Task requirements: Beginning with the line that holds "Hinh Dat Hen Dich Vu (3)" and ending with the last line below, repeat each line exactly, leaving any pictures out.

Captioned web images:

____

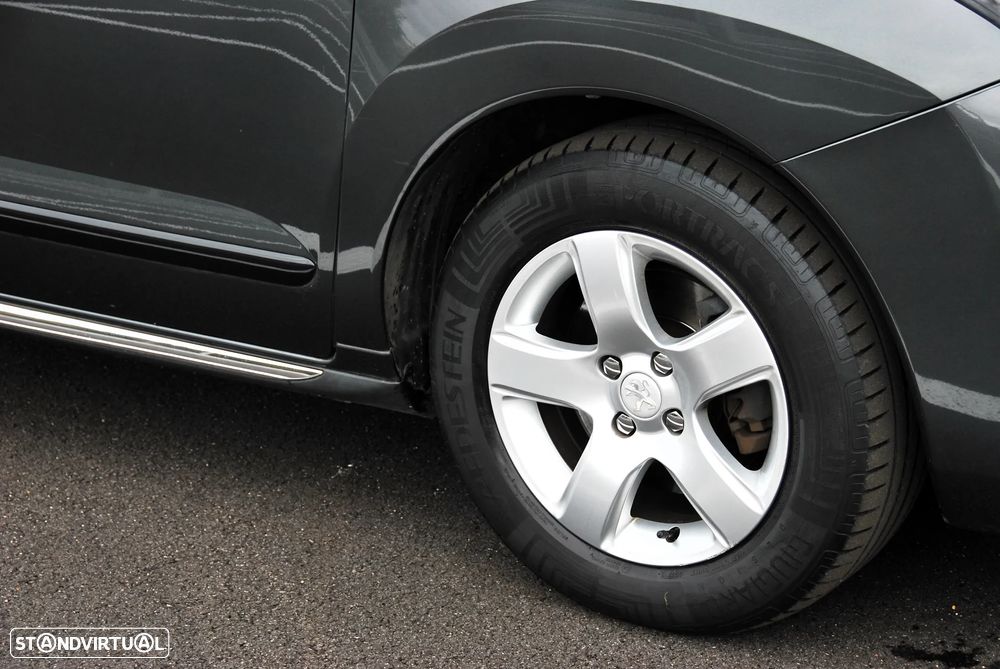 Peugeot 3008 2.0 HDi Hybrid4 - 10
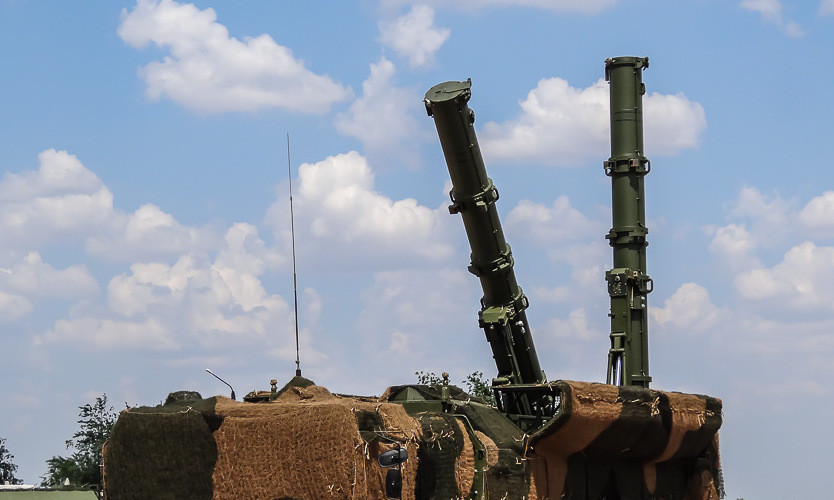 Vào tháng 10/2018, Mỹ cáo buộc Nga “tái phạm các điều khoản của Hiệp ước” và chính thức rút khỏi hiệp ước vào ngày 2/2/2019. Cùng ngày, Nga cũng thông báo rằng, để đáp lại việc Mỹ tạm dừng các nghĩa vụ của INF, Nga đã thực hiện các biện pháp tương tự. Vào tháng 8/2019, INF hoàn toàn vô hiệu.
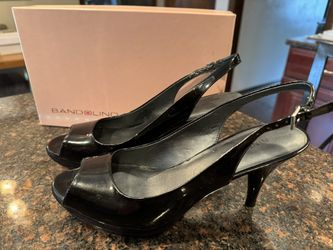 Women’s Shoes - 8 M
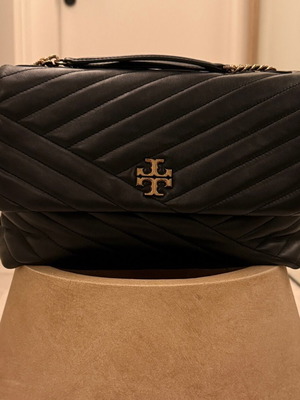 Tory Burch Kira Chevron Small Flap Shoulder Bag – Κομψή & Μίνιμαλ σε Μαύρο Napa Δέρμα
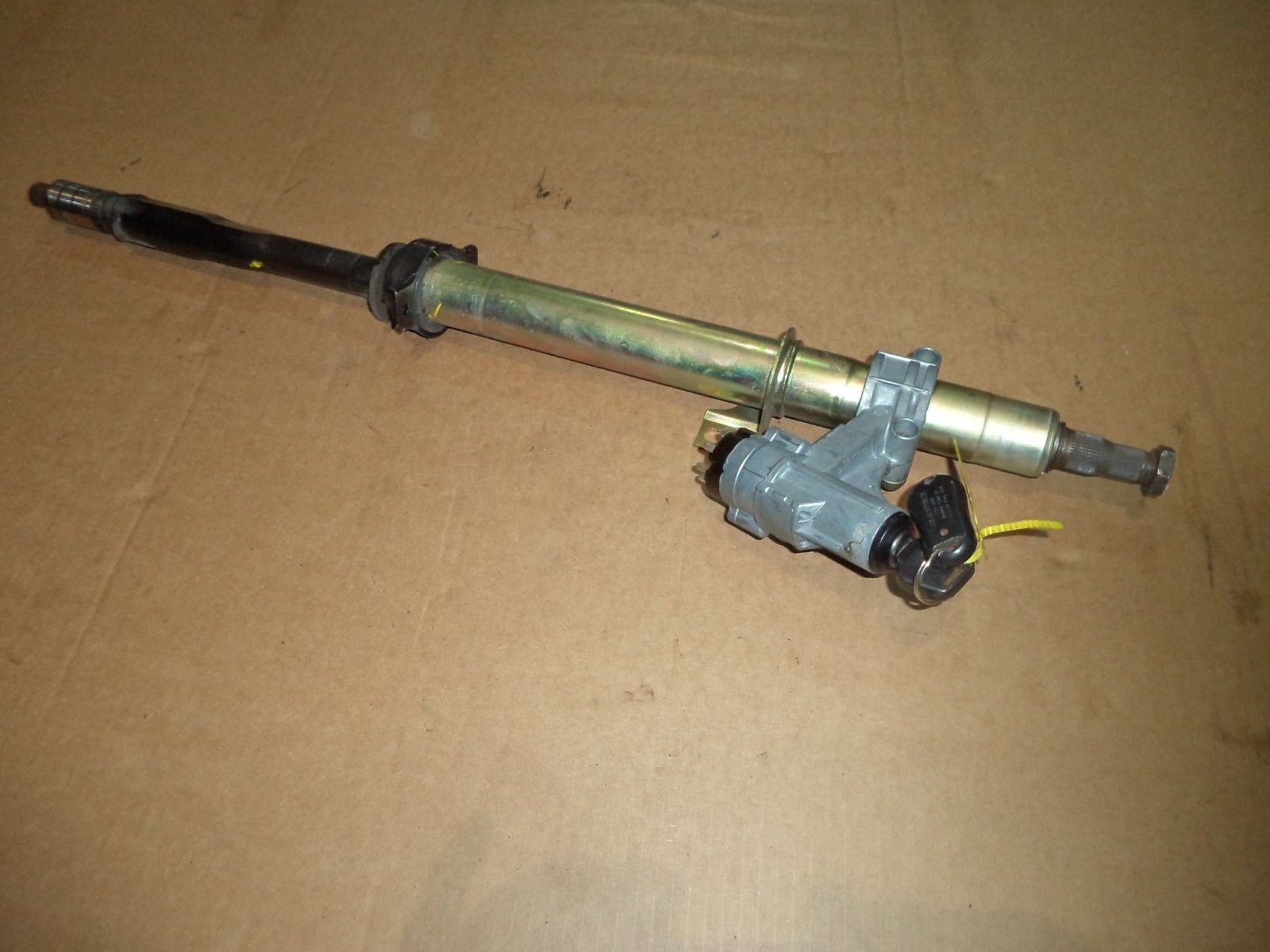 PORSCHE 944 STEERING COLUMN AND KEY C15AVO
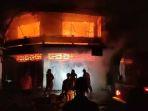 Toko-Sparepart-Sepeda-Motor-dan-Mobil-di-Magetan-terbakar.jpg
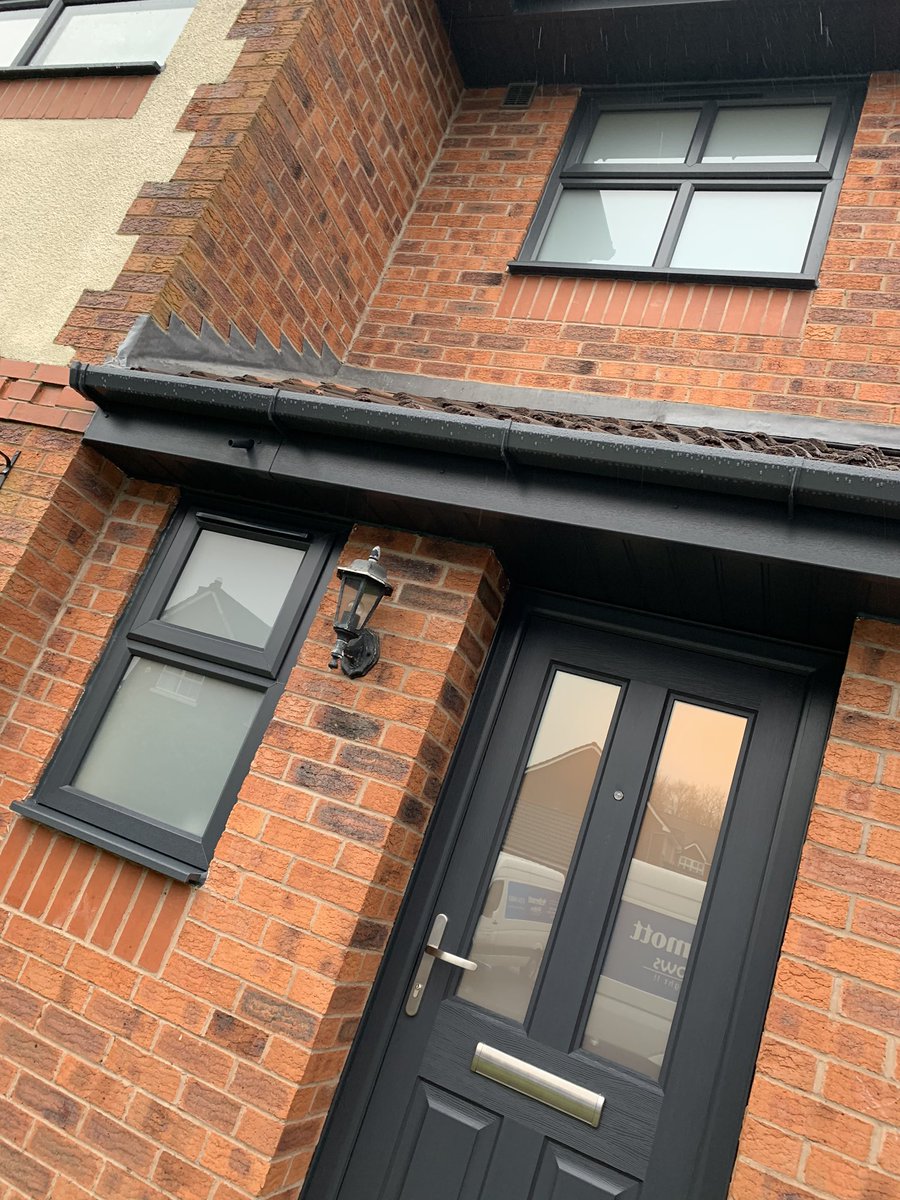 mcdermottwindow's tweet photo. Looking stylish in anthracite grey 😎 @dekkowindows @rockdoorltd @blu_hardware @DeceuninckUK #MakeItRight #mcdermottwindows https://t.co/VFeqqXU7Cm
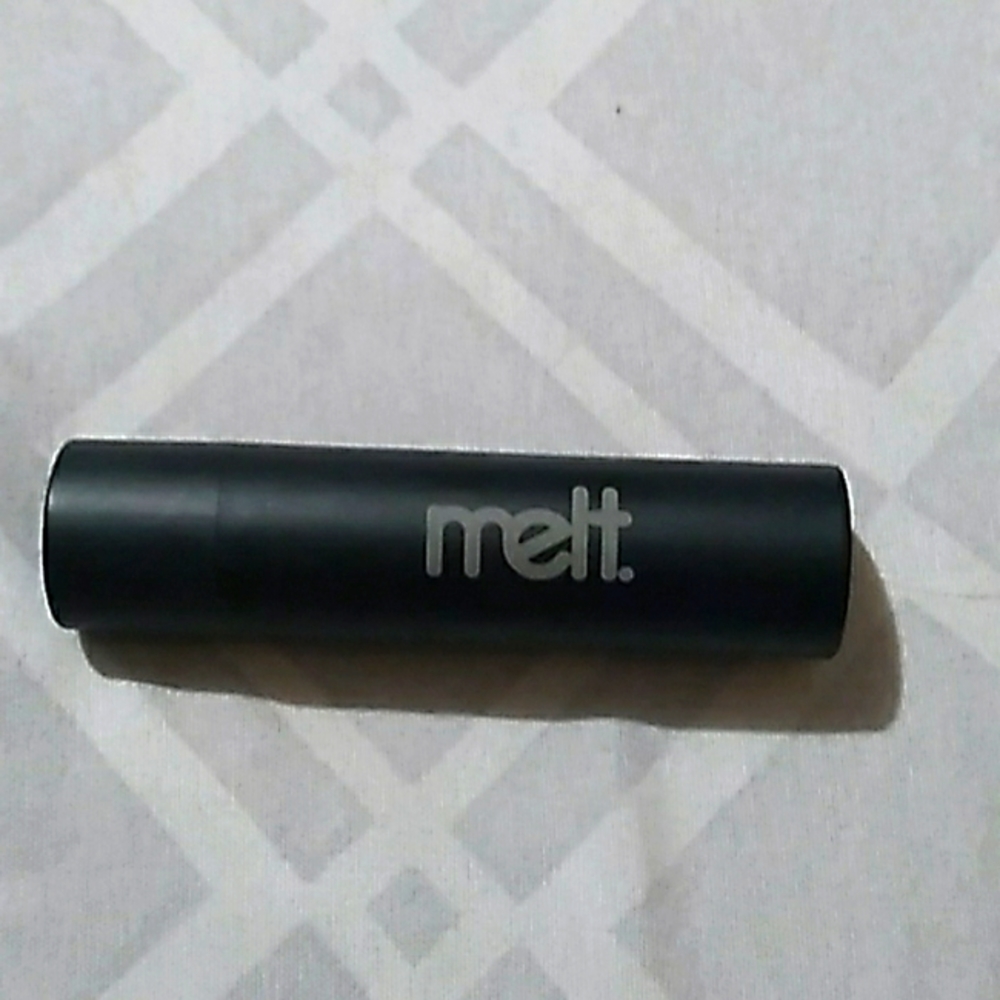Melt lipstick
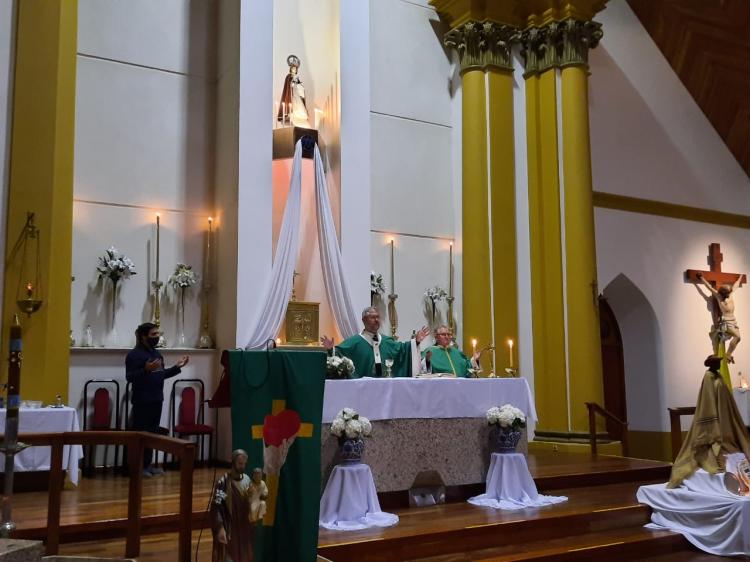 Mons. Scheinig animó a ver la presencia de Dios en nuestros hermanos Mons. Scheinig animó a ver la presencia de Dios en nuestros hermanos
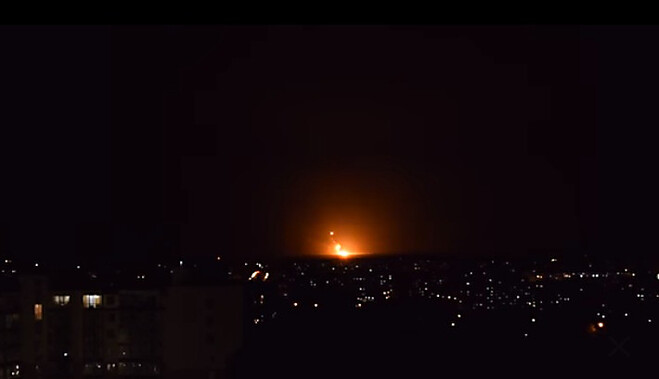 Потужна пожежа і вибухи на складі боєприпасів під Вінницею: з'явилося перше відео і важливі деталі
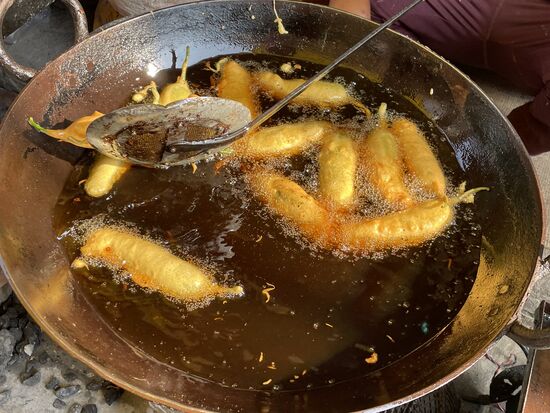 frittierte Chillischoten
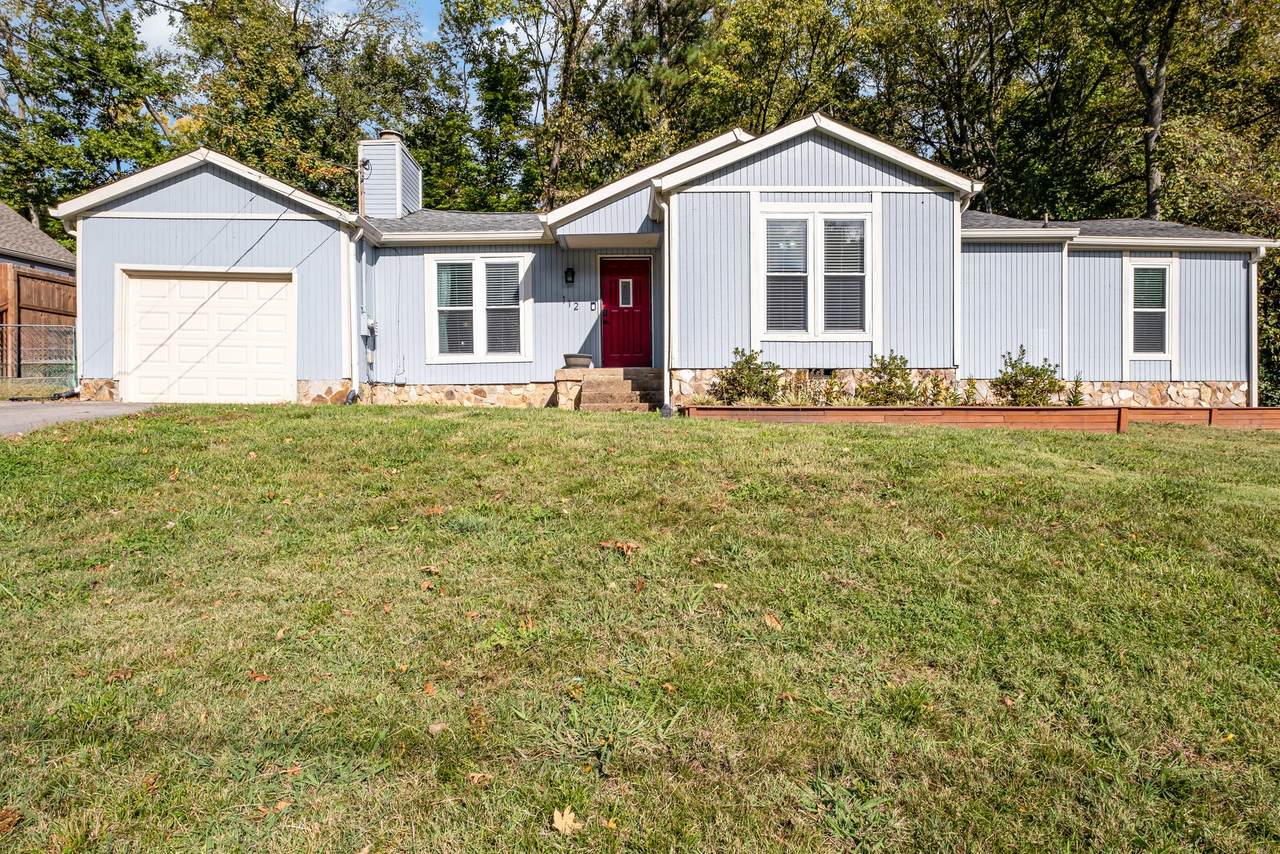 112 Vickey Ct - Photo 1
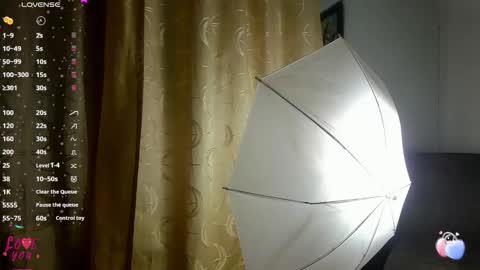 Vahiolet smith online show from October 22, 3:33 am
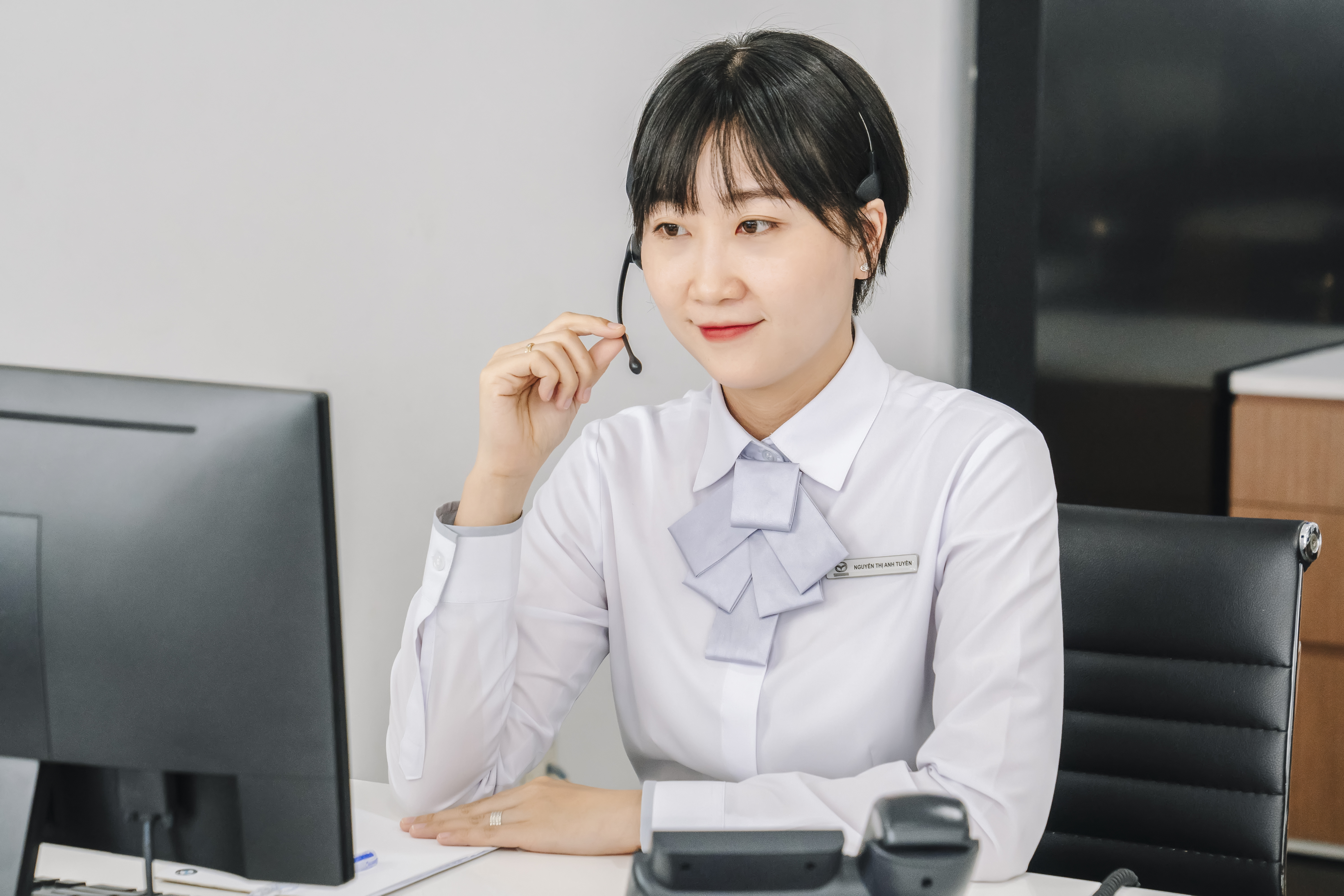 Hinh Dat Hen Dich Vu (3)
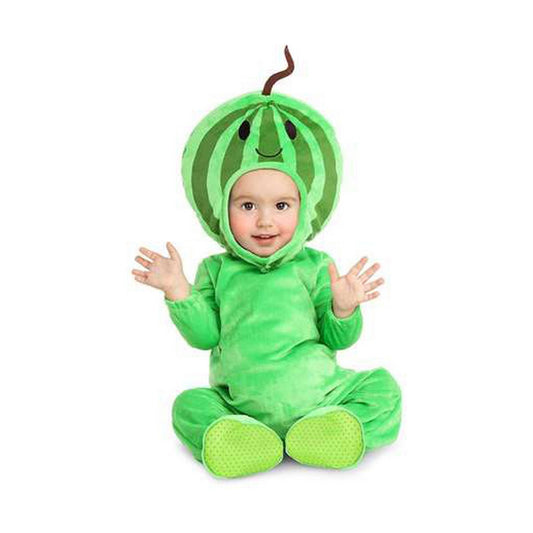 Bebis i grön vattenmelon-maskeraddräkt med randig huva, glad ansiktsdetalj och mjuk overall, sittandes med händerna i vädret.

____

Result of this exercise:
 Hinh Dat Hen Dich Vu (3)
 Bebis i grön vattenmelon-maskeraddräkt med randig huva, glad ansiktsdetalj och mjuk overall, sittandes med händerna i vädret.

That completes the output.